INPUT RECORDS →
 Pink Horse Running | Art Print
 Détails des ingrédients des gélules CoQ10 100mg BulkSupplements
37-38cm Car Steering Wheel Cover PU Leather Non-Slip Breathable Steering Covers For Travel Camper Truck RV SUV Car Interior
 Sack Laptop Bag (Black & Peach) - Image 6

--

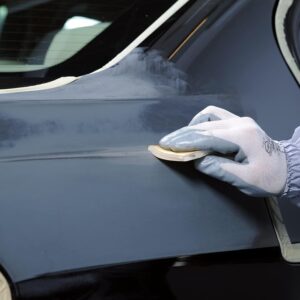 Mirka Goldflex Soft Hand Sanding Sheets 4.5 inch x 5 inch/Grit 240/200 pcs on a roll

ASSIGNMENT →
Restate word for word the lines in the material above from the one with "Détails des ingrédients" to the one with "Sack Laptop Bag (Black & Peach) - Image 6"; both of those lines count, and nothing else does.

OUTPUT BELOW →
 Détails des ingrédients des gélules CoQ10 100mg BulkSupplements
37-38cm Car Steering Wheel Cover PU Leather Non-Slip Breathable Steering Covers For Travel Camper Truck RV SUV Car Interior
 Sack Laptop Bag (Black & Peach) - Image 6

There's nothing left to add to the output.